Propaganda can kill the spirit just as surely as bullets kill the body. So the great Polish director Andrzej Wajda argues in his latest film. On September 17, 1940, the Soviet military massacred 15,000 Polish prisoners of war and local civic leaders, dumping their bodies in mass graves in the Katyń Forest. For their families, subsequent Soviet lies and denials would be nearly as painful as their grief at losing loved ones. Arguably the most personal work of the director’s accomplished career, Katyń (trailer here), one of last year’s Oscar nominees for best foreign language film, finally opens in New York this Wednesday.
Katyń is not just another example of Poland’s tragic for Wadja. His own father was among the Polish POWs murdered that fateful day, on Stalin’s direct orders (rubber-stamped by the Politburo). The date is important. For years, the Soviets claimed the Germans committed the atrocity in 1941, until Gorbachev and Yeltsin finally confirmed Soviet culpability (which the Russian state media now again denies).

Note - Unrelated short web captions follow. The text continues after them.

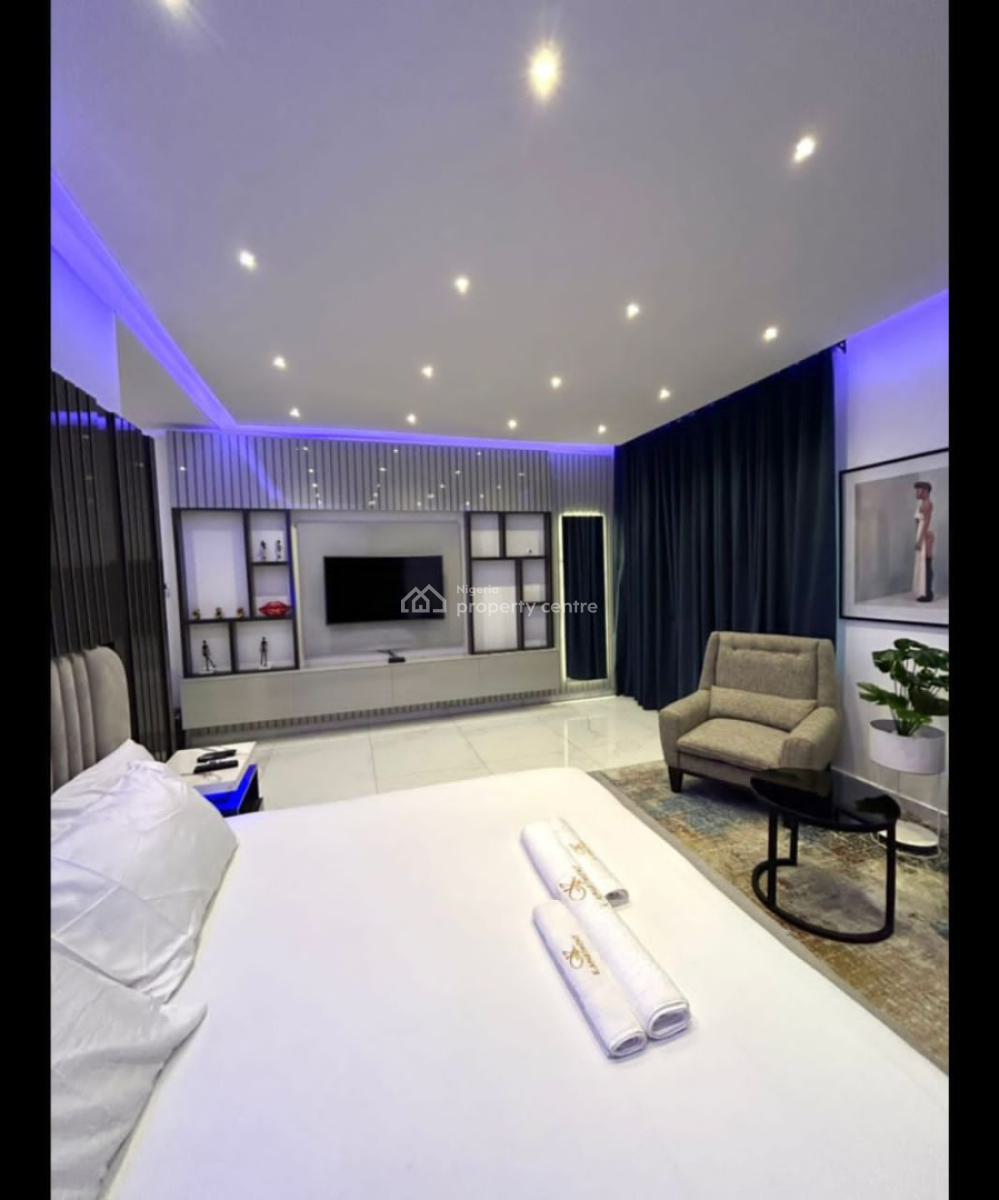 Exquisite 4 Bedroom with Private Cinema, Chevron, Lekki Phase 2, Lekki, Lagos, House Short Let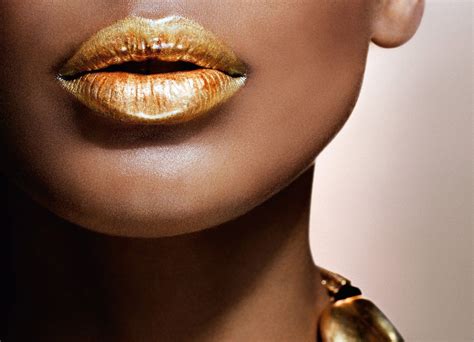 Gold Lips Gold Lipstick Gold Eyes Gold Lips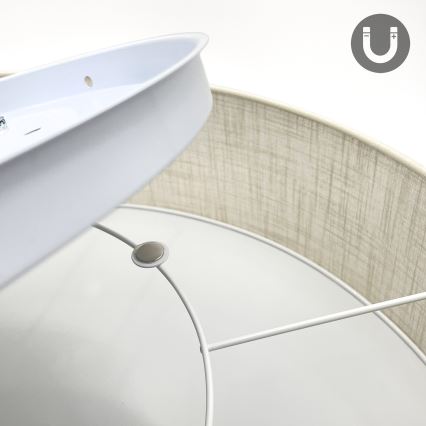 Brilagi - LED stropné svietidlo SIRIJA 6xE27/60W/230V priemer 80 cm krémová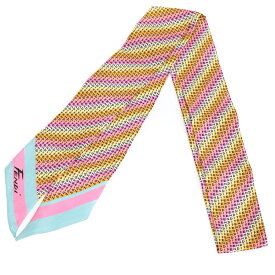 【中古】フェンディ　リボンスカーフ　スカーフ　FXT011　AJWK　マルチカラー　ブランドスカーフ　ブランド小物　22-2071-K
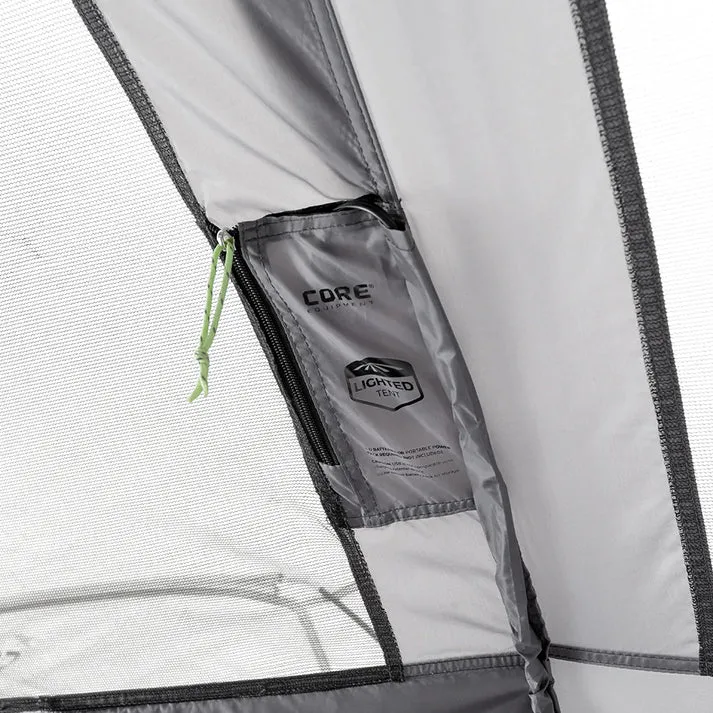 9 Person Lighted Instant Cabin Tent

In his opening sequence, Wajda gives the audience a probably much needed visual primer on the Ribbentrop-Molotov Pact and Soviet-National Socialist cooperation in the early stages of World War II. It harrowingly depicts Poles from the east fleeing the Russians, only to collide on a bridge with Poles from the west, fleeing the Germans.
Katyń moves back and forth in time, jumping to and from the events surrounding the massacre in the Russian woods, and the post-war aftermath. Many will challenge the official story, but pay dearly for their dissent. A principal of the Fine Arts Academy seems more realistic when she flatly argues: “Poland will never be free again,” so it is best to scrape out what little consolation is available.
Discussions of the massacre are not academic or theoretical in Katyń. They are established historical fact, which Wajda forces the audience to confront directly. He dramatically concludes the film by returning to the actual incident, showing it in unflinchingly detail, down to the Soviets’ drainage system for the resulting blood. The effect is simply devastating (probably the most chilling scene I have ever seen on film). Katyń makes it inescapably clear evil does exist in the world.
Katyń is a great film—perhaps not Wajda’s masterpiece, but certainly a masterwork. Granted, it is not perfect. Characters are introduced and then suddenly dispensed with, having only been partially developed. However, Katyń is such powerful film, its passion overwhelms such shortcomings. Wajda’s scenes are brilliantly composed and the cast is first-rate. Andrzej Chyra is particularly effective as a cavalry lieutenant, who personifies guilt as the lieutenant who survives in place of his captain.
To call Wajda a great director is no exaggeration. In 2000, he was awarded an honorary Academy Award. Eight years later, Katyń became his fourth film nominated for the best foreign language award (and at eighty-one, he is reportedly at work on his next film). It will be impossible to discuss his oeuvre without addressing Katyń. If not his greatest film, it is certainly his most visceral. It is a withering examination of the Soviets’ cold-blooded machinery of death, the corrosive effect of their campaign of lies, and the moral cost of willfully accepting injustice, proving Wajda’s powers remain undiminished with age. It is a powerful film that should be seen by anyone who takes film seriously as an art-form. It opens Wednesday in New York at the Film Forum.